Google Book Search is an index of book content that makes it easy to find books that interest you. Like a card catalog, it helps you learn where to get the full book from a bookstore or a library. Use the Google Book Search homepage to get only book results, or Google.com to see book results as part of your regular search results. Google Book Search makes the full text of millions of books (including out of print and public domain books) instantly searchable, and makes those books discoverable. For authors and publishers, it means that millions of booksare instantly discoverable - and able to be purchased. Google Book Search acts as a free marketing program that protects copyright while dramatically expanding the potential audience for, in theory, every book in the world.
Google News gathers information from nearly 10,000 news sources worldwide and presents news stories in a searchable format within minutes of their online publication. The leading stories are presented as headlines on the Google News home page. These headlines are selected for display entirely by a computer algorithm, without regard to viewpoint or ideology. Google News uses an automated process to pull together related headlines, which enables readers to see many different viewpoints on the same story. Topics are updated continuously throughout the day and you can view new stories by checking the Google News website, subscribing to Google News Alerts via email, or activating a newsfeed.
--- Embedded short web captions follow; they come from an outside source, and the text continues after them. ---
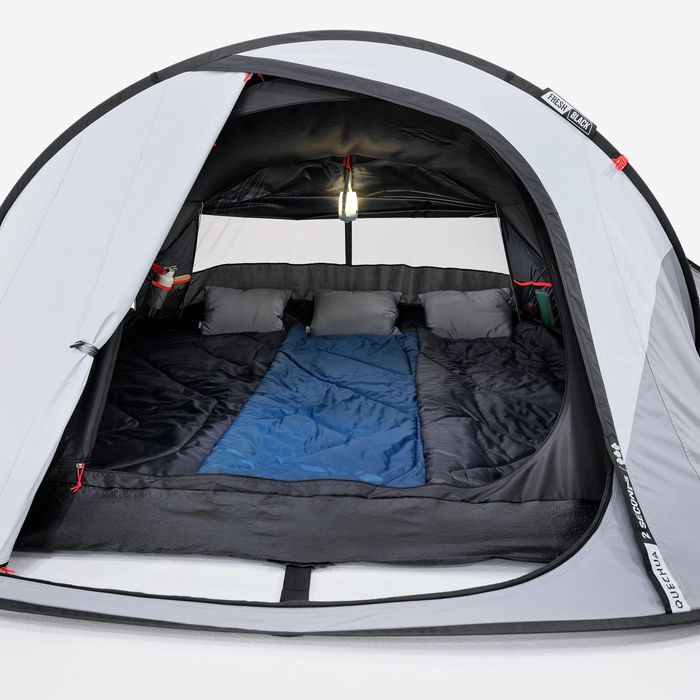 Tenda de Campismo instantânea 3 pessoas, 2 seconds Fresh & Black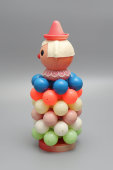 Советская детская игрушка «Пирамидка «Клоун», пластмасса, 1970-80 гг.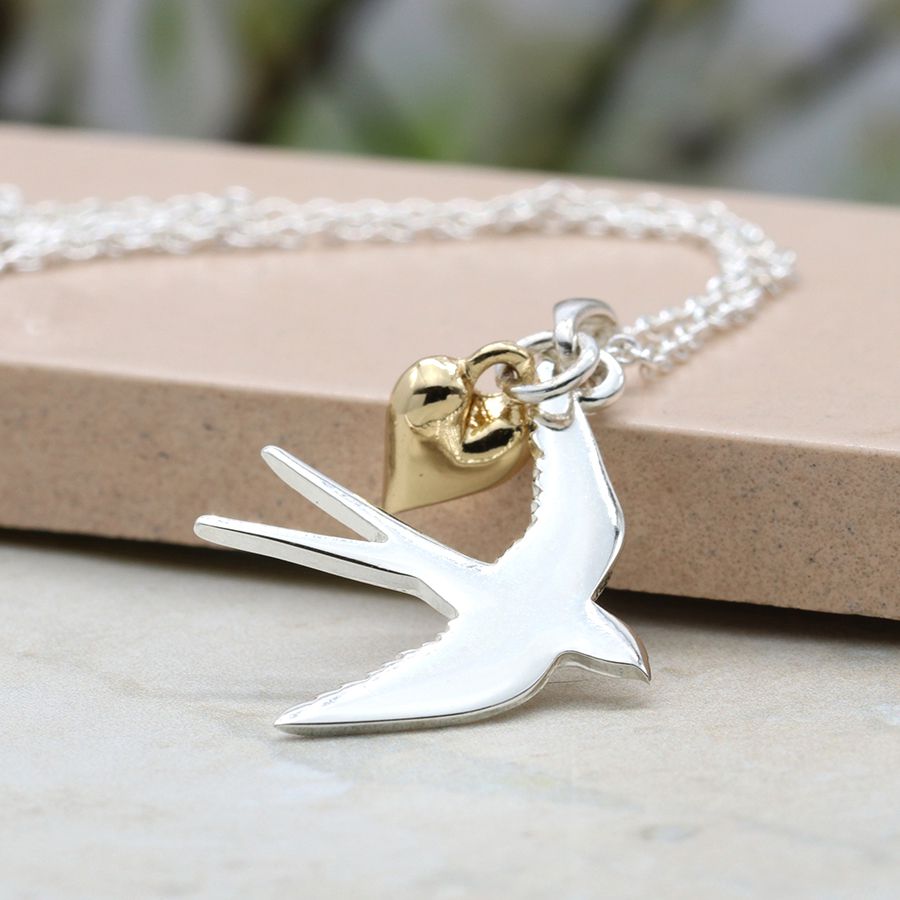 Swallow Necklace - 
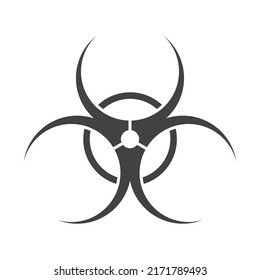 Biohazard Icon. Biological Hazard Sign Isolated On White Background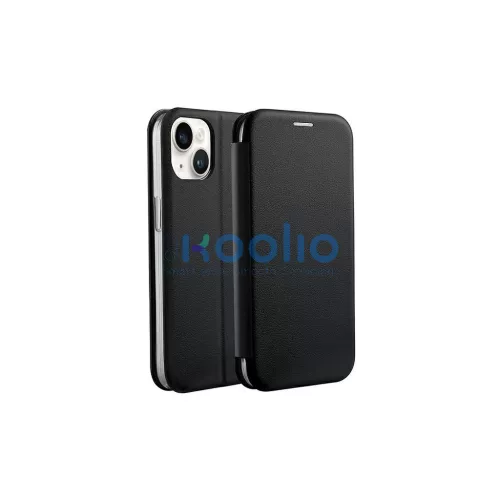 Beline Book Magnetic tok iPhone 15 Plus 6.7" készülékhez fekete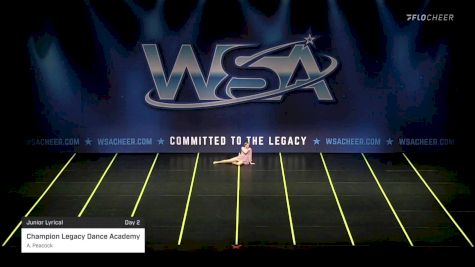 Champion Legacy Dance Academy - A. Peacock [2022 Junior Lyrical Day 2] 2022 WSA South Dakota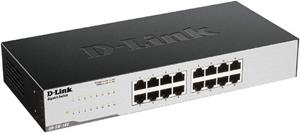 D-Link »GO-SW-16G Gigabit Easy Ethernet Gigabit Desktop Switch, Schwarz« Netzwerk-Switch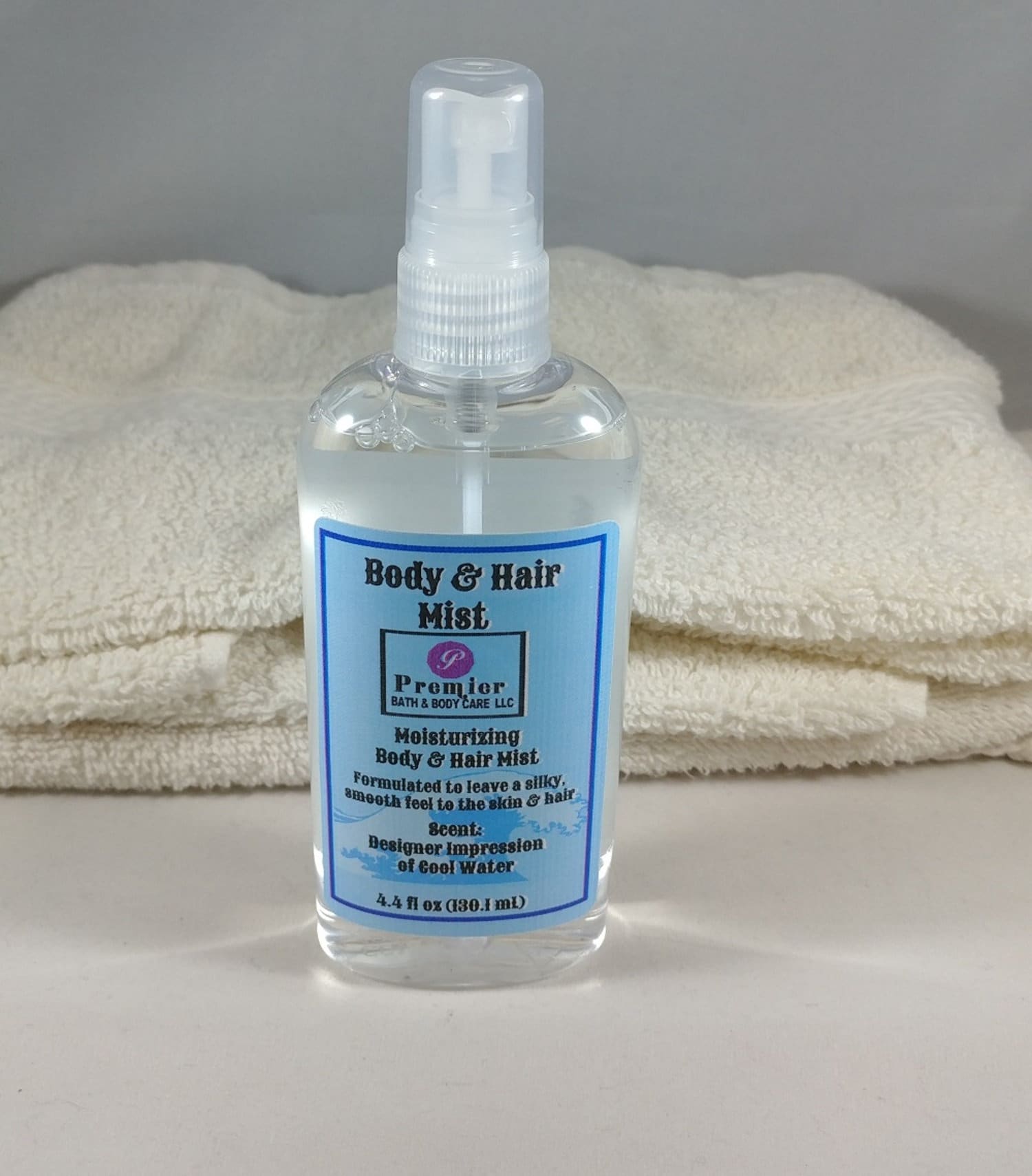 Moisturizing Hair & Body Mist for Men Men's Cool Water Body Mist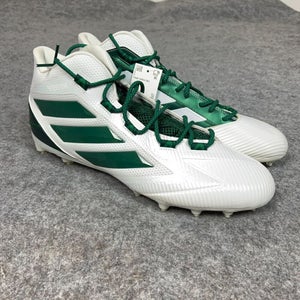 Adidas Mens Football Cleats 15 White Green Shoe Lacrosse Freak Carbon Mid B2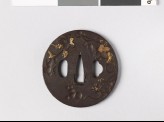 Tsuba with grape vine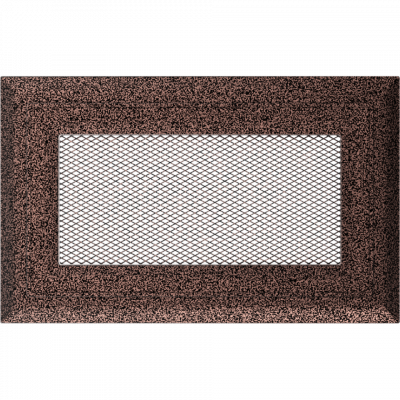 Каминная решетка Kratki Oskar медная крашеная 11x17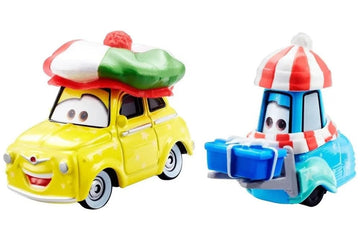 Mattel Disney Pixar Cars 2023 Holiday Winter Series - Complete Bundle of 8 Special Edition Die?Cast Vehicles (GYD55?956A) | Limited Edition Holiday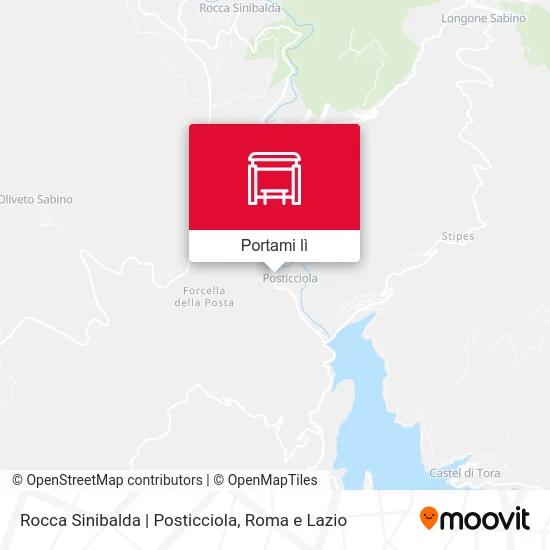 Mappa Rocca Sinibalda | Posticciola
Currently, the Google News service is tailored to 22 international editions.
Scirus is a product developed by Elsevier Science, concentrating soley on collecting scientific content. It searches both the open Web and membership sources such as ScienceDirect, MEDLINE on BioMedNet, and Beilstein on ChemWeb. Scirus features an array of scientific information in data and chart form.
The German Environmental Information Network search engine gathers public affairs information distributed across Web sites run by public institutions in Germany, such as environmental authorities, and agencies and ministries at the federal levels. It functions as an information broker for environmental information in Germany.
Artcyclopedia is an index of hundreds of museum sites and image archives. Visitors can search for where the works of over 5,500 different artists can be viewed online.
Health on the Net Foundation uses both humans and Web crawling to build its index of medical information. Searches can be narrowed by region and a French interface is available.